EUR/GBP Exchange Rate Falls as PMI Data Disappoints
The Euro Pound (EUR/GBP) exchange rate is weakening today ahead of the long-awaited announcement of the UK’s new Prime Minister. The prospect of imminent policy change cheers Pound (GBP) investors while the Euro (EUR) comes under pressured from a disappointing services PMI.
At the time of writing, EUR/GBP is trading at £0.8624, down 0.3% from today’s opening levels.
Pound (GBP) Climbs although Services PMI Falls
The Pound is rising against the majority of its peers today, supported by the prospect of a new prime minister and an end to weeks of suspense. Sterling investors are hopeful that the new PM will implement financial support measures soon after entering office, addressing a cost-of-living crisis close to spiralling out of control.
Capping a more significant uptrend is the release of the UK’s finalised services PMI, which has revealed that the service sector expanded by less than previously thought in August. Moreover, the composite PMI fell unexpectedly into contraction territory, printing at 49.6 rather than the 50.9 forecast.

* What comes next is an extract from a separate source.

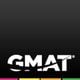 GMATPrep Software
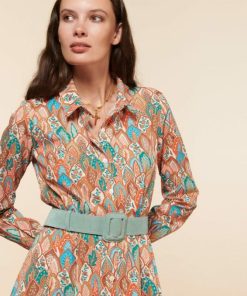 Xowear.shop53c7b93040 2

Commenting on the data, S&P Global Market Intelligence’s Chris Williamson warns:
‘The incoming prime minister will be dealing with an economy that is facing a heightened risk of recession, a deteriorating labour market and persistent elevated price pressures linked to the soaring cost of energy.’
Later today, a speech from Bank of England (BoE) policymaker Catherine Mann will address UK inflation and monetary policy ahead of the central bank’s interest rate decision next week. Mann is generally considered to be a hawk: therefore, her stance on the BoE’s forward action is likely to be bold.
Euro (EUR) Dented by Weak Economic Data, Gas Supply Headwinds
The Euro is plummeting against its peers today as the Eurozone’s finalised services PMI fell unexpectedly into contraction territory. August’s release printed at 49.8 this morning rather than 50.2 as expected.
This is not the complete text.